De twee basistypen zijn de Amerikaanse draver, ook wel Standardbred genoemd (waaronder zowel de dravers als de telgangers vallen), en de Franse draver.. Europese dravers zijn veelal een mengeling van Amerikaanse Franse afkomst..
Uiterlijke kenmerken
Dravers worden al eeuwenlang puur op snelheid en hardheid gefokt, en hun uiterlijk was daarvoor niet van belang. Dit heeft ertoe geleid dat er geen rasstandaard is wat het uiterlijk betreft, en dat er veel verscheidenheid is in uiterlijke kenmerken. Toch zijn dravers voor de kenner meestal direct herkenbaar!
De stokmaat ligt meestal tussen de 1.50 tot 1.65m, al zijn er uitschieters naar beneden (1.45m) en naar boven (1.70m). Over het algemeen zijn de Amerikaanse dravers kleiner dan de Franse. Verreweg de meeste dravers zijn bruin, zwart of bruinzwart, vossen komen iets minder vaak voor. Enkele bloedlijnen vererven schimmels of roans, en er zijn zelfs enkele bonte dravers. De meeste dravers hebben weinig tot geen witte aftekeningen op hoofd en benen.
Wat de lichaamsbouw betreft zijn dravers echte racemachines. Ze hebben een sterke achterhand en vaak een smallere voorhand. De borstkas is diep om veel ruimte geven aan de longen. De stuwende achterbenen zijn lang, waardoor ze soms wat overbouwd zijn. Verder kan er veel variatie zijn: smal en pezig, rijtypisch, arabisch ogend, robuust, en zelfs barokke types.

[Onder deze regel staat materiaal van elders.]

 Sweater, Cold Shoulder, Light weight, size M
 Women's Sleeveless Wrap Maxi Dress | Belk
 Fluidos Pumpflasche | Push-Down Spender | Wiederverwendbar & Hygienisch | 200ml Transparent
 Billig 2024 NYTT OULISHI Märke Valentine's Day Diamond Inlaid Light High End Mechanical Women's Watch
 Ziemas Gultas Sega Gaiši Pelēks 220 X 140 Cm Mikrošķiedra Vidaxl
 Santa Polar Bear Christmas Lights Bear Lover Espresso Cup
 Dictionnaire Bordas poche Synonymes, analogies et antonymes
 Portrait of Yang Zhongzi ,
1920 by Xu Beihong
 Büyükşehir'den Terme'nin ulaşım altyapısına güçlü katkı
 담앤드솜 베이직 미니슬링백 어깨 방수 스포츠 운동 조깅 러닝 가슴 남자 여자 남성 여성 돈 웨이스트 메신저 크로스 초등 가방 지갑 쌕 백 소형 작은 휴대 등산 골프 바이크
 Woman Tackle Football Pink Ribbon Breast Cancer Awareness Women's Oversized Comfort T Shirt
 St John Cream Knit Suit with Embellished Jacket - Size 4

Het hoofd is heel herkenbaar. Het is smal en lang, en ziet er verfijnd uit. De meeste dravers hebben een recht of licht hol profiel. Het intelligente, gevoelige en trouwe karakter van dravers komt goed tot uitdrukking in hun blik.
Karakter
Staat de draver in de drafsport vooral bekend om zijn prestaties op de drafbaan, daarbuiten wordt hij alom geroemd om zijn geweldige karakter. Dravers zijn zeer intelligente, eerlijke en gevoelige paarden. Daarnaast zijn ze erg trouw en willen ze graag hun baasje plezieren, wat die ook vraagt. Dat maakt de draver een zeer leergierig en vooral veelzijdig paard, en een ideale partner voor de invoelende ruiter! Het kost misschien wat tijd en moeite, maar heb je het vertrouwen van een draver eenmaal gewonnen dan gaat hij voor je door het vuur. verder zijn dravers zeer werklustige paarden. In de omgang rustig en kalm, maar zodra er gewerkt moet worden vol vuur en temperament!

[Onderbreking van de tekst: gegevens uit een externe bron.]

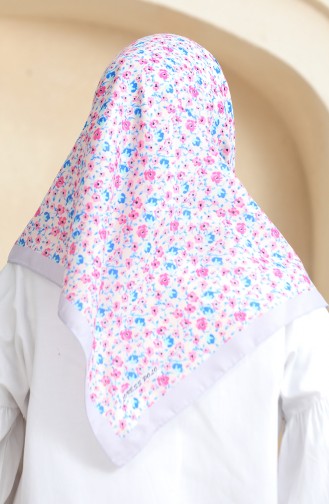 Floral Soft Scarf 90176-02 Lilac Fuchsia 90176-02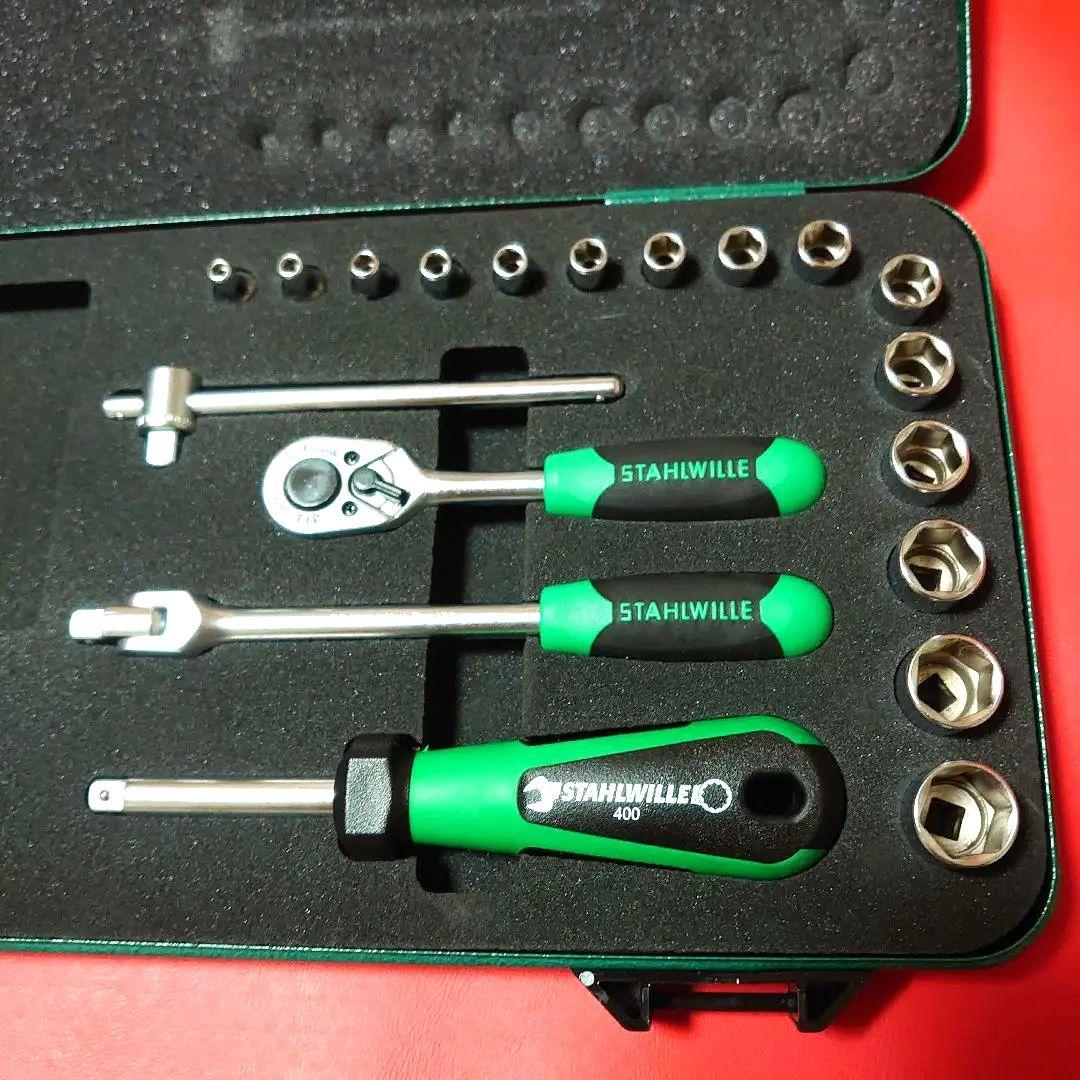 STAHLWILLEスタビレー（希少）1/4ラチェット、ソケットセット未使用品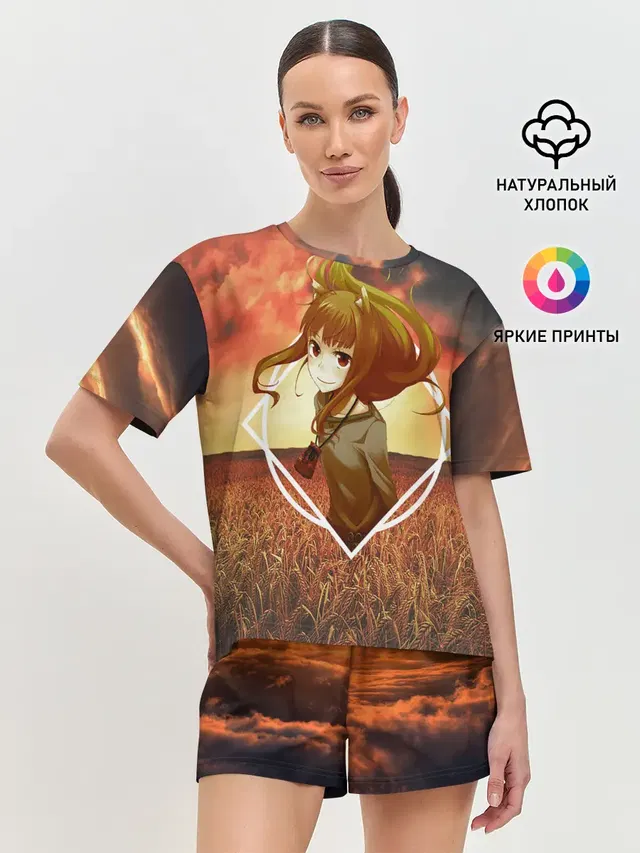 Женская пижама с шортами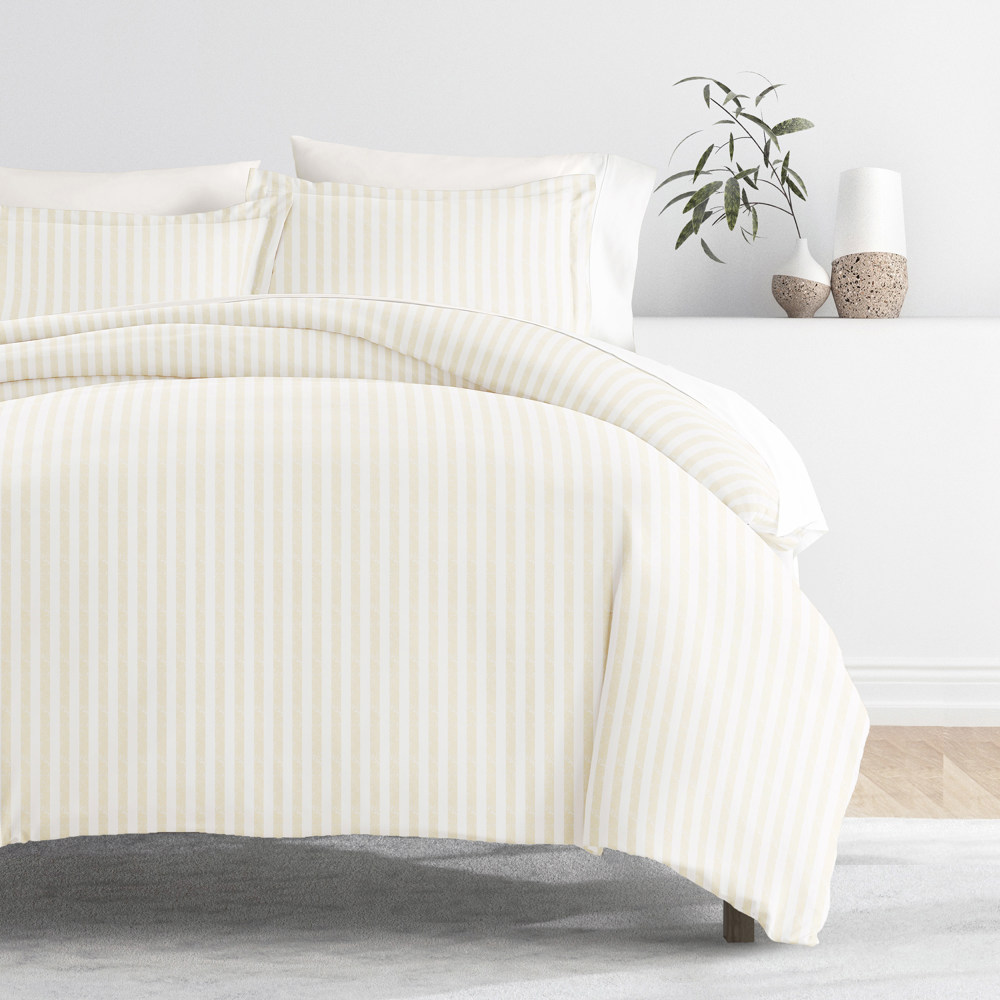 Patterned Soft Duvet Cover Bed Set - Striped Patterns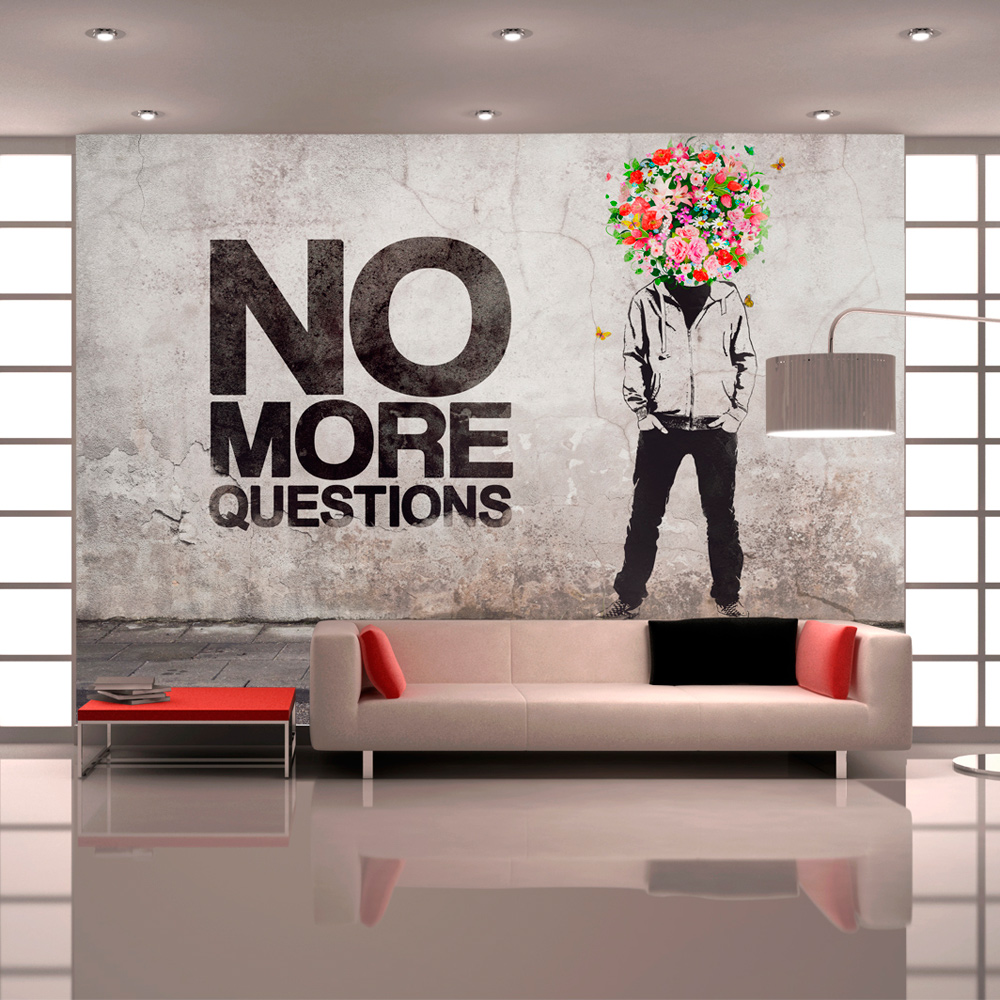 Wallpaper - No more questions - 100x70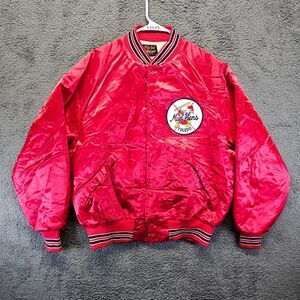 Vintage Pla-Jac by‎ Dunbrooke Toledo Mud Hens Varsity Jacket Mens XL 48-50 Red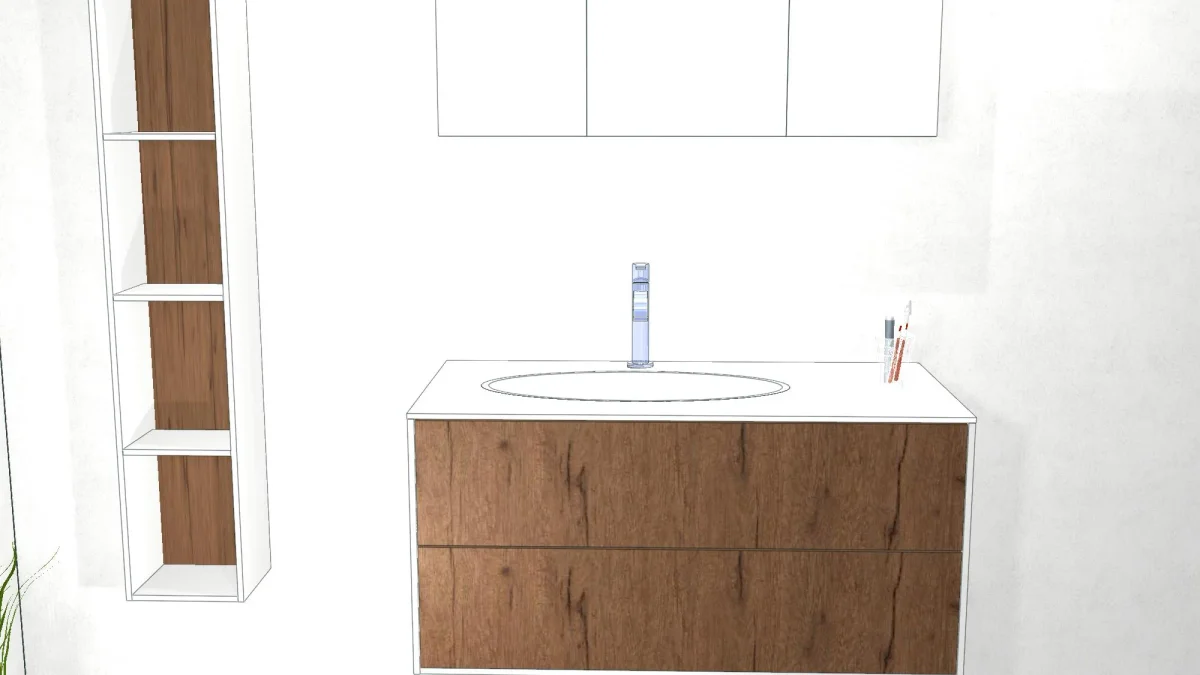 OCRITECH Waschplatz - Waschtisch mit Unterschrank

Allevijf (!) de gangen onder de loep
Alle dravers bezitten de drie basisgangen stap, draf en galop. Het is dus een misverstand dat dravers niet zouden kunnen galopperen; ze hebben hier wel aanleg voor, maar het is tijdens hun koersperiode vaak niet actief getraind. Hoewel sommige dravertrainers hun koerspaarden wel degelijk galoptraining geven voor een betere balans.
De stap van de draver is heel ruim en snel, er kan gemakkelijk een snelheid van 8 km/u gehaald worden. Dit geldt vooral voor de dravers met gangenaanleg. De draf is vanzelfsprekend de sterkste gang voor de meeste dravers; hier zijn ze immers eeuwenlang op gefokt. Hoewel het voor dravers met veel gangenaanleg niet de geprefereerde gang hoeft te zijn. In een rustige draf haalt de draver gemakkelijk 20 km/u, en dit loopt op tot meer dan 50 km/u in rendraf. Dat is sneller dan de meeste andere rassen kunnen halen in rengalop!

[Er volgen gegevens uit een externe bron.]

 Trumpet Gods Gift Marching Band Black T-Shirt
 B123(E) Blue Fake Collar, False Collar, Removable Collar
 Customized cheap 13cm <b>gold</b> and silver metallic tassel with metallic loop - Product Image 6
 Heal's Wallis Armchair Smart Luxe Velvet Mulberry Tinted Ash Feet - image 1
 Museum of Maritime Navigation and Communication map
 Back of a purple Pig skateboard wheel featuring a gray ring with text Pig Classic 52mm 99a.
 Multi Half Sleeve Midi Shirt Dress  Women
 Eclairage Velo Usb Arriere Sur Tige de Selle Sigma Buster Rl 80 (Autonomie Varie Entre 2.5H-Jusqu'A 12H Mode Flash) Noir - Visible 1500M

De galop van dravers is meestal vlak en snel. Langzaam en verzameld galopperen vraagt voor de meeste dravers veel training, maar ook hier zijn er uitschieters naar boven en naar beneden. De vlakke galop, die snel naar een viertaktgalop neigt, is wel heel comfortabel en gemakkelijk uit te zitten, dus economisch voor paard en ruiter. En dan de vierde gang: tölt. Niet elke draver heeft hier aanleg voor. De tölt is een zuivere viertaktgang, net als stap. Terwijl in stap altijd 2 of 3 benen aan de grond zijn, zijn er dat in tölt 1 of 2. Dat wil zeggen dat er geen zweefmoment voorkomt, dus ook geen schok bij het neerkomen! Dat maakt de tölt zeer comfortabel voor de ruiter. De snelheid van tölt varieert van een snelle stap tot een flinke draf.